• _WORK TASK_
The reply is to be an exact repetition of the entries that follow, with each picture left out.

[Short descriptive text snippets]
┄┄┄┄┄┄┄┄┄┄┄┄┄┄┄┄┄┄┄┄
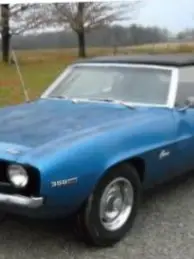 Chat with 1969 chevy convertable, the Anime character AI chatbot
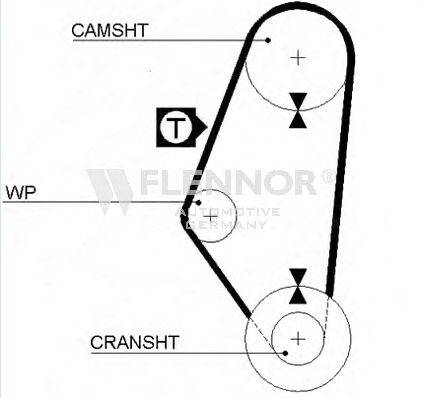 FLENNOR 4200 Ремінь ГРМ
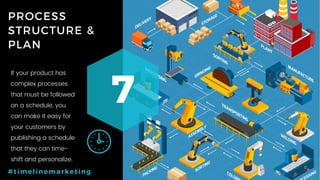 58P a g e
PROCESS
STRUCTURE &
PLAN
7
#timelinemarketing
If your product has
complex processes
that must be followed
on a schedule, you
can make it easy for
your customers by
publishing a schedule
that they can time-
shift and personalize.
 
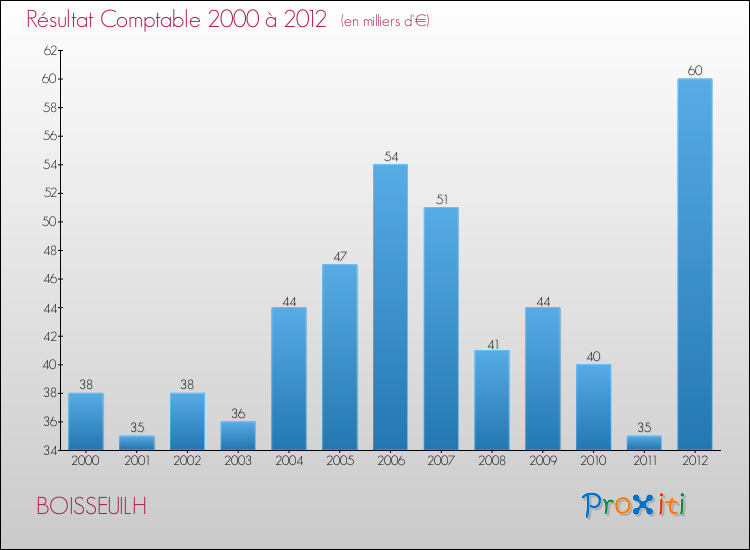 Evolution du résultat comptable pour la commune de BOISSEUILH de 2000 à 2012 Evolution du résultat comptable pour BOISSEUILH de 2000 à 2012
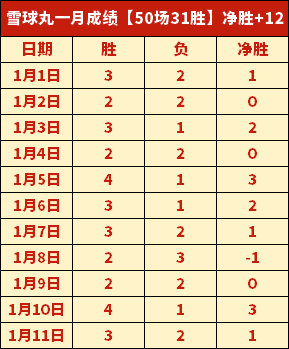 哥伦甲布卡,拉曼加,连败分析,乐鱼体育会员登录入口,乐鱼体育官网,乐鱼体育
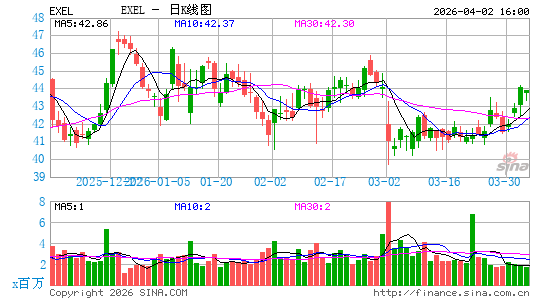 伊克力西斯日K线图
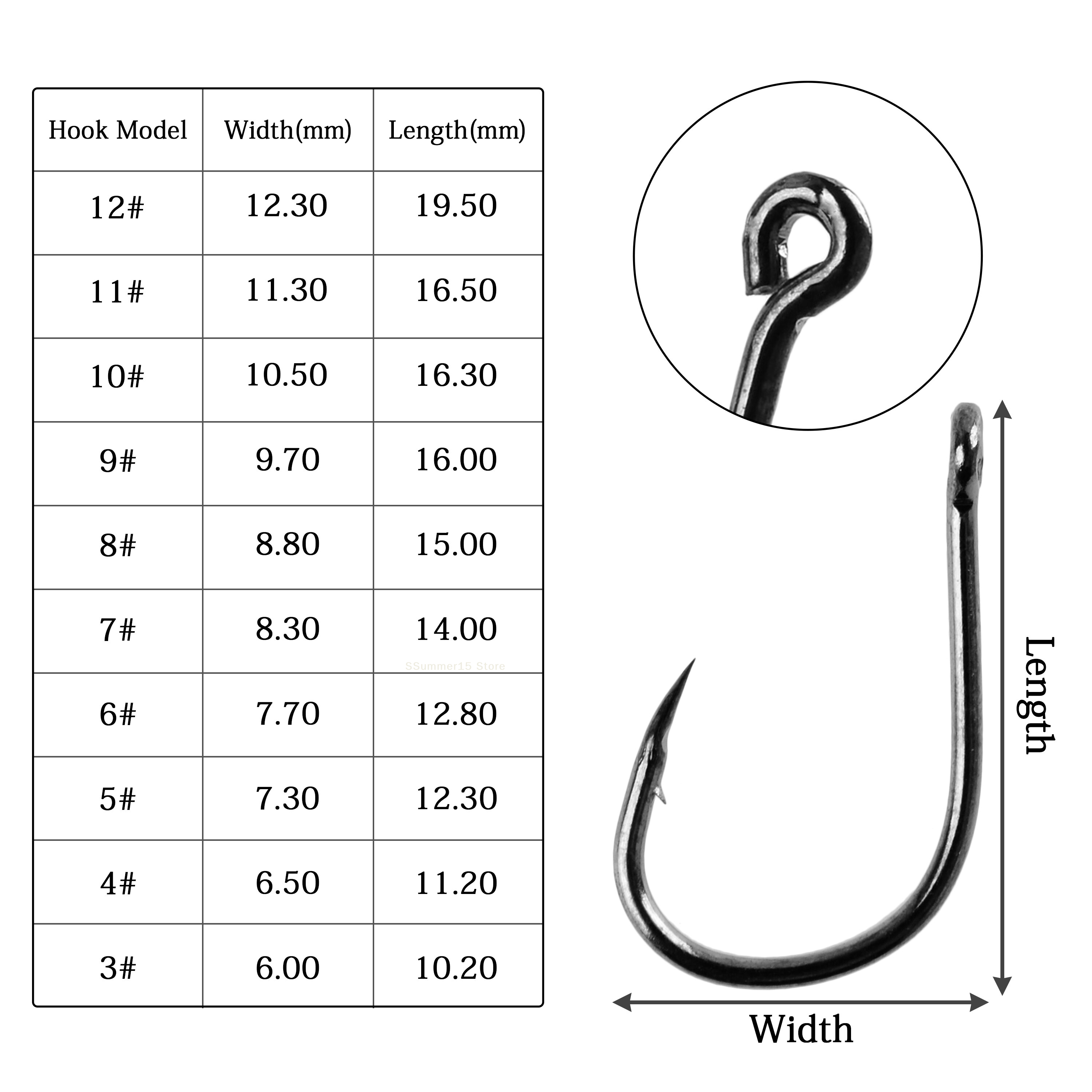 【R】100Pcs Fishing Hooks Set Ca - Fishing Hook Circle review and price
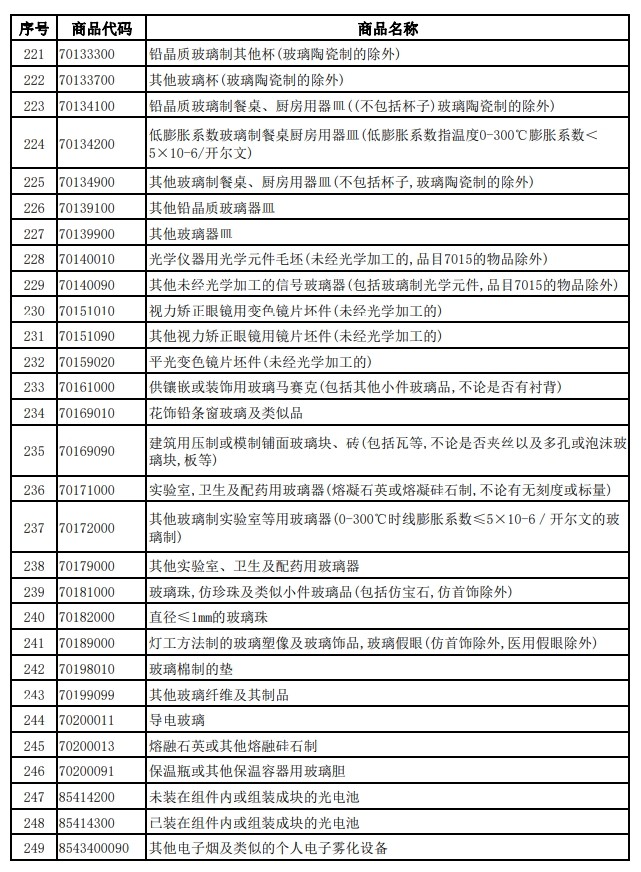 財政部、稅務總局發布關于調整光伏等產品出口退稅政策的公告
┄┄┄┄┄┄┄┄┄┄┄┄┄┄┄┄┄┄┄┄
• _TASK SOLUTION_
 Chat with 1969 chevy convertable, the Anime character AI chatbot
 FLENNOR 4200 Ремінь ГРМ
 58P a g e
PROCESS
STRUCTURE &
PLAN
7
#timelinemarketing
If your product has
complex processes
that must be followed
on a schedule, you
can make it easy for
your customers by
publishing a schedule
that they can time-
shift and personalize.
 
 Evolution du résultat comptable pour la commune de BOISSEUILH de 2000 à 2012 Evolution du résultat comptable pour BOISSEUILH de 2000 à 2012
 哥伦甲布卡,拉曼加,连败分析,乐鱼体育会员登录入口,乐鱼体育官网,乐鱼体育
 伊克力西斯日K线图
 【R】100Pcs Fishing Hooks Set Ca - Fishing Hook Circle review and price
 財政部、稅務總局發布關于調整光伏等產品出口退稅政策的公告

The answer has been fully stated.